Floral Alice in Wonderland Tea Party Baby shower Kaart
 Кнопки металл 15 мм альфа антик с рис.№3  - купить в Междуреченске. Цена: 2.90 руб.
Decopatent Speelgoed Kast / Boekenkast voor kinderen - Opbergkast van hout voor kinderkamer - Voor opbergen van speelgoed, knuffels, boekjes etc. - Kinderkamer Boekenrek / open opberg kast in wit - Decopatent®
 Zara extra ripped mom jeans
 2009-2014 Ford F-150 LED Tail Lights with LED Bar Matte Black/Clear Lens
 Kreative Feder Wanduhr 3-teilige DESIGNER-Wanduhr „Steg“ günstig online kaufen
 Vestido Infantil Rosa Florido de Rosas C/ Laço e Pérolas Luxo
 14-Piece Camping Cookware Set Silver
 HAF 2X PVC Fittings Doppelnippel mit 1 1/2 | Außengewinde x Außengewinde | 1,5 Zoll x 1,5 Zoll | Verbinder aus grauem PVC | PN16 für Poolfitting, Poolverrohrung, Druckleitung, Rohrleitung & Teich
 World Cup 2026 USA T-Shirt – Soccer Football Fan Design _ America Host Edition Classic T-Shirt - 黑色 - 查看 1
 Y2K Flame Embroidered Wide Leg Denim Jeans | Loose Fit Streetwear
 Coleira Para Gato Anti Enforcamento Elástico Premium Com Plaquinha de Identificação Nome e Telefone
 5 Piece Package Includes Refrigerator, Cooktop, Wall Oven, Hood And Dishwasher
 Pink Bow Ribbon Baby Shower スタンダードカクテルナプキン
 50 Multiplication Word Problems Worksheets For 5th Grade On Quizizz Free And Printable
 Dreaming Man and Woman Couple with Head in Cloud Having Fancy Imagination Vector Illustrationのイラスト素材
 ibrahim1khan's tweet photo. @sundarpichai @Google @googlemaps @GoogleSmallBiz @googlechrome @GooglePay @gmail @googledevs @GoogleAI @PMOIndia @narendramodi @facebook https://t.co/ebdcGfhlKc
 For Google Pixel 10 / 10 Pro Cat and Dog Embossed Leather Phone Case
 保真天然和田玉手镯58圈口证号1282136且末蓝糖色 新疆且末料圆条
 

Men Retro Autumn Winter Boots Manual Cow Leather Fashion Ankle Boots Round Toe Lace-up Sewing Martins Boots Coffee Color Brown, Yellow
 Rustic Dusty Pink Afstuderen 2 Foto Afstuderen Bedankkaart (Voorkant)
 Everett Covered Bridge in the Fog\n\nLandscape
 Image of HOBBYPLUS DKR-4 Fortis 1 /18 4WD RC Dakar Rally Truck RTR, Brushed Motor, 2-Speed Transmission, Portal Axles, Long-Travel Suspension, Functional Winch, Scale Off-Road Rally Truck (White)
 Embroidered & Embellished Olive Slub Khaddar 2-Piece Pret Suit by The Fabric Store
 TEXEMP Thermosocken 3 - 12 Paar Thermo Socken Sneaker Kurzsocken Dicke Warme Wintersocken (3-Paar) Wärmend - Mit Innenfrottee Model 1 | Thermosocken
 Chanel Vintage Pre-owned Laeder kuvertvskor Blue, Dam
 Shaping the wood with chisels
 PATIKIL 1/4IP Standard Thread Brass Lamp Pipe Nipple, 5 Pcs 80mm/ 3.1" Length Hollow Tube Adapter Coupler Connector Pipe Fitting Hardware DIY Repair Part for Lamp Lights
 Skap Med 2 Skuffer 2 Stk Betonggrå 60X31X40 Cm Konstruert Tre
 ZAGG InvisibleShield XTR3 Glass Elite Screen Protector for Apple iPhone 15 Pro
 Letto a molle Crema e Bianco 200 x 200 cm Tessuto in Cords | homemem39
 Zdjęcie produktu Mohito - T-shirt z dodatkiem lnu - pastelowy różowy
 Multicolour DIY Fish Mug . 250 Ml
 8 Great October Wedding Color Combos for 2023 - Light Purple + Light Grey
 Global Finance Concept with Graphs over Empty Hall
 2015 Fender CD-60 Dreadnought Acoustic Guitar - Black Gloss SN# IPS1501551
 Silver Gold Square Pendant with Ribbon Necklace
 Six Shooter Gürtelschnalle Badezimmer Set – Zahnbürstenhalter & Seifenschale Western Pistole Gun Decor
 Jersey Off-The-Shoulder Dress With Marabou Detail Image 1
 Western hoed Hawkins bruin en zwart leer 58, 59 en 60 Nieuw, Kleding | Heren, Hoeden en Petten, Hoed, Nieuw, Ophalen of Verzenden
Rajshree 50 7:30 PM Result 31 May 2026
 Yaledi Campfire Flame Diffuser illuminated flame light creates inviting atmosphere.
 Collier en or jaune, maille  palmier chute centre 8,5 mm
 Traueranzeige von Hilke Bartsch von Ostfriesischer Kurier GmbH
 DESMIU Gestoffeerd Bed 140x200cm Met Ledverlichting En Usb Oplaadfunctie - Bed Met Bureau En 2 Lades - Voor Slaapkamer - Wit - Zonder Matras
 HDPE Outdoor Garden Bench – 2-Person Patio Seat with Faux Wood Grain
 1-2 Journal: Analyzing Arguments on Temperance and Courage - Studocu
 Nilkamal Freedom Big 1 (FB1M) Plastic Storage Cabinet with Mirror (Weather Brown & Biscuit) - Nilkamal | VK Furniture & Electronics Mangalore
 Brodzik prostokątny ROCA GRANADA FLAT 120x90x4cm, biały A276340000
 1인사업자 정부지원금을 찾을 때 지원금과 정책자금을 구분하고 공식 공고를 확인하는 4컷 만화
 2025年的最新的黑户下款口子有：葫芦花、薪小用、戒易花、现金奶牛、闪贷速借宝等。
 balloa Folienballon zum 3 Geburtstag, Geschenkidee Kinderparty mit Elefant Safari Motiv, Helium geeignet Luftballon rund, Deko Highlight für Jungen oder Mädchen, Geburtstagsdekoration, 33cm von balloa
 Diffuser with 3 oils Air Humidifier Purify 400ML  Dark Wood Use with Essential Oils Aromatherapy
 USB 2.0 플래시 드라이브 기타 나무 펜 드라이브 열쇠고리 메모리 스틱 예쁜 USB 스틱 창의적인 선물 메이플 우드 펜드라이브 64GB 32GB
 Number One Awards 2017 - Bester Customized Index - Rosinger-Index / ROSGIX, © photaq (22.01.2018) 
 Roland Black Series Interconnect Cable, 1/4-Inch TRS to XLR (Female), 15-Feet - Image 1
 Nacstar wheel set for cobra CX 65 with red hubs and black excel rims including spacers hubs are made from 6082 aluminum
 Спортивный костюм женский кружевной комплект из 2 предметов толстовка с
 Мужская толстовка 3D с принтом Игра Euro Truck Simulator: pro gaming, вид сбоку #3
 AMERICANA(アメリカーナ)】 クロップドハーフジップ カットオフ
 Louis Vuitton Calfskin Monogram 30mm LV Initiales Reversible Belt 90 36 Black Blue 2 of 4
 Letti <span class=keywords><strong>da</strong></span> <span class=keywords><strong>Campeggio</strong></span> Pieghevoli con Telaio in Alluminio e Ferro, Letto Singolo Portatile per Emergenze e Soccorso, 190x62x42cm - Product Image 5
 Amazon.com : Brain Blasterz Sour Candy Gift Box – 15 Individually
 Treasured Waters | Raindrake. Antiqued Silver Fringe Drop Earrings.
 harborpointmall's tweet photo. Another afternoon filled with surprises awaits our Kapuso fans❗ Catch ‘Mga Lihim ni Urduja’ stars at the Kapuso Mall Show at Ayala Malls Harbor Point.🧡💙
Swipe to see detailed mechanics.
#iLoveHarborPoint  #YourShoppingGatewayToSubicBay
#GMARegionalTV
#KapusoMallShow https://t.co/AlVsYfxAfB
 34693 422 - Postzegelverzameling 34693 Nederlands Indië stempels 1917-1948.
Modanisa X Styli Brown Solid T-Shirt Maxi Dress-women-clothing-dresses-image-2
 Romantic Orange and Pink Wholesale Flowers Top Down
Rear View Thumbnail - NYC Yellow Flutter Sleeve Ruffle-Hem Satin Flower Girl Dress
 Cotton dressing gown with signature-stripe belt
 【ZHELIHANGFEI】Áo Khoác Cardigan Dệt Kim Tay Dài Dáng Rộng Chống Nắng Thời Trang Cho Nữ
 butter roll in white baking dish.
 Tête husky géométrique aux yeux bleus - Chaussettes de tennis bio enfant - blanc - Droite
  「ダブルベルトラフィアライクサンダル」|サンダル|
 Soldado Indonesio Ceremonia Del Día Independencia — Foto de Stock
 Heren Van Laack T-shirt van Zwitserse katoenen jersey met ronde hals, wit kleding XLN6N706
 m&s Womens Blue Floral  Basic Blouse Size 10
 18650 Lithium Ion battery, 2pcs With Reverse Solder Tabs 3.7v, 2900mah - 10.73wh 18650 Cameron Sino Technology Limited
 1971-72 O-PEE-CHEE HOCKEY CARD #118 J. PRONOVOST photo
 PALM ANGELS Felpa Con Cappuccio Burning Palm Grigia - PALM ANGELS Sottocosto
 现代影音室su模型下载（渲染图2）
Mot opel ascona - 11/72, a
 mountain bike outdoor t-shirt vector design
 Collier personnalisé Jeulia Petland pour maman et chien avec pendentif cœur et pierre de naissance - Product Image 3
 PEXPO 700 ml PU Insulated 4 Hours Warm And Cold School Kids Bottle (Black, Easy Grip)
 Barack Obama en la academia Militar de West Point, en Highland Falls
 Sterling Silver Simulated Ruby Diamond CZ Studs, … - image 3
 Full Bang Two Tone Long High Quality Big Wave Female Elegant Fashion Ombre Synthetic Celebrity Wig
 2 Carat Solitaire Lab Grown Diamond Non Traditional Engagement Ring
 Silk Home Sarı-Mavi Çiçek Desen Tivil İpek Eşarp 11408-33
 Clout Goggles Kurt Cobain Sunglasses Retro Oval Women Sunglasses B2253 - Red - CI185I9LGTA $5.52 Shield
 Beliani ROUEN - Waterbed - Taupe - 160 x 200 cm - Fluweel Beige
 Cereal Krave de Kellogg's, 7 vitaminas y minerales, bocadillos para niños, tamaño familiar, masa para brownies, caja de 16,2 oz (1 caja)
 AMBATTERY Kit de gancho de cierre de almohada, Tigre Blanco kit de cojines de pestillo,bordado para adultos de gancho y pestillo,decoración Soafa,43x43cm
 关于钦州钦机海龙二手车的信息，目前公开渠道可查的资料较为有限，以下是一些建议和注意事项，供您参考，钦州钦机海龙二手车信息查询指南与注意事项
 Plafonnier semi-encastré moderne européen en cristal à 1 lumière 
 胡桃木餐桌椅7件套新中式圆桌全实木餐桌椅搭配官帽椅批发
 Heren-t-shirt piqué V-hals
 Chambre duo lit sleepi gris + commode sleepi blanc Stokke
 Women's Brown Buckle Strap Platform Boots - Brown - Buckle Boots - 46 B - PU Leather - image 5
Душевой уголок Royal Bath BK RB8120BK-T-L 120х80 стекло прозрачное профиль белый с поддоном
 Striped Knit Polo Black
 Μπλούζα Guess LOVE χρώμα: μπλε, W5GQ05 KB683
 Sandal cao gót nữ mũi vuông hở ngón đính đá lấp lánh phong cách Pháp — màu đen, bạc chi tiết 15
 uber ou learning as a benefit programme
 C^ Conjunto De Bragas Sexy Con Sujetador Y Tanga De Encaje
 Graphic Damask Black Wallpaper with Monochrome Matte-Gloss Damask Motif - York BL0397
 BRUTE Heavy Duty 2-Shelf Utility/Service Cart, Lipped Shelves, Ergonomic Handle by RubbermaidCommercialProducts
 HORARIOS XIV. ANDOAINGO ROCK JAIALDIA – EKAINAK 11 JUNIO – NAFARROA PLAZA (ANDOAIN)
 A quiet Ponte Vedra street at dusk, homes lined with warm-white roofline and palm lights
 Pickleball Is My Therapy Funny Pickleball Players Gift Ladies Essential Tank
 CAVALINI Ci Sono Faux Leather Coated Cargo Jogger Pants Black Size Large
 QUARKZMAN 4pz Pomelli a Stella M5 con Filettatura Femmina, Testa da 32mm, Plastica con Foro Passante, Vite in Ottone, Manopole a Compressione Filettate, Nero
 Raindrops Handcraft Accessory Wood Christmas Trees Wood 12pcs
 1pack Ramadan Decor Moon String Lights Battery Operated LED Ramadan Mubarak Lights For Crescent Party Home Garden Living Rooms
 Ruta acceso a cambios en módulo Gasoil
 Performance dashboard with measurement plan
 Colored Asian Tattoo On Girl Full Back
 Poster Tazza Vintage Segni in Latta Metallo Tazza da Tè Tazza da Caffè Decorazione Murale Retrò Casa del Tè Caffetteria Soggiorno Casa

####################

## Task prompt
Look above for the line that contains "50 Multiplication Word". Starting there, transcribe every line exactly until you have copied the line that contains "ibrahim1khan's tweet photo.".

## Answer for this exercise
 50 Multiplication Word Problems Worksheets For 5th Grade On Quizizz Free And Printable
 Dreaming Man and Woman Couple with Head in Cloud Having Fancy Imagination Vector Illustrationのイラスト素材
 ibrahim1khan's tweet photo. @sundarpichai @Google @googlemaps @GoogleSmallBiz @googlechrome @GooglePay @gmail @googledevs @GoogleAI @PMOIndia @narendramodi @facebook https://t.co/ebdcGfhlKc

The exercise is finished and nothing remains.